Rabbi Azriel Hauptman
Family feuds and estrangement are by their very nature extremely complicated. No two scenarios are alike and there are various factors that can precipitate such a situation. In this article, we will focus on one variable that can play a role and that is when one of the parents has borderline personality disorder.
Borderline personality disorder (BPD) is a disorder characterized by intense emotional dysregulation that significantly affects the way you perceive yourself and others with whom you interact. The symptoms include distorted self-image, emotional instability, unstable intense relationships, and impulsive behaviors. At the core of BPD is a deep feeling of emptiness and a fear of abandonment coupled with an intense fear of closeness to other people. This leads to the individual with BPD fluctuating being idealizing other people or devaluating them. When they feel fear of closeness, they will push people away violently and view them as bad or worthless. When they feel fear of abandonment, they will draw people near to them, idealize them, and exaggerate their positive qualities.
In a family, this can lead to very chaotic relationships. When a parent has BPD, they will sometimes shower their child with intense love and affection, and then on a moment’s notice switch gears and berate their child and call them all types of vile names. The conflicting emotions of fear of abandonment and fear of closeness combined with emotional dysregulation can cause a parent’s feeling towards their child to switch between polar opposites. A child growing up in such an environment will be confused as the message they are receiving is, “I hate you, don’t leave me” (which happens to be the title of a book about BPD).
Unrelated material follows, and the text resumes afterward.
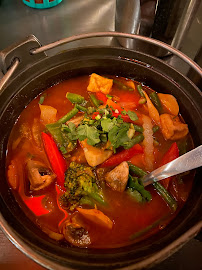 Curry du Restaurant thaï Yaai Thaï Daguerre à Paris - n°15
Another manifestation of this type of emotional reaction is that some people are idealized and some are devaluated. In other words, people are either very good or very bad. This is a defense mechanism that emanates from their fear of abandonment and closeness. Those who seem good need to be held close at all costs and those that seem bad need to be pushed away at all costs.
Sometimes, this can exist within one family. Child A is the golden child and child B is the black sheep. Aunt A we talk to and aunt B we do not talk to, and so on and so forth. Family feuds or estrangement can easily develop from this kind of chaotic atmosphere.
If one is in a situation where one of the individuals that is fueling the family feud might have BPD, it would be advisable to seek the help of a mental health professional who is well versed and trained in BPD. There are strategies, some of them counterintuitive, which can be helpful when navigating the BPD landscape. Additionally, understanding BPD on a deeper level helps you feel compassion and empathy for the individual who is suffering from BPD.
In recent years, the psychology world has made key advances in the treatment of BPD. With the right type of intervention, not only can the individual with BPD feel better, the entire family system can heal.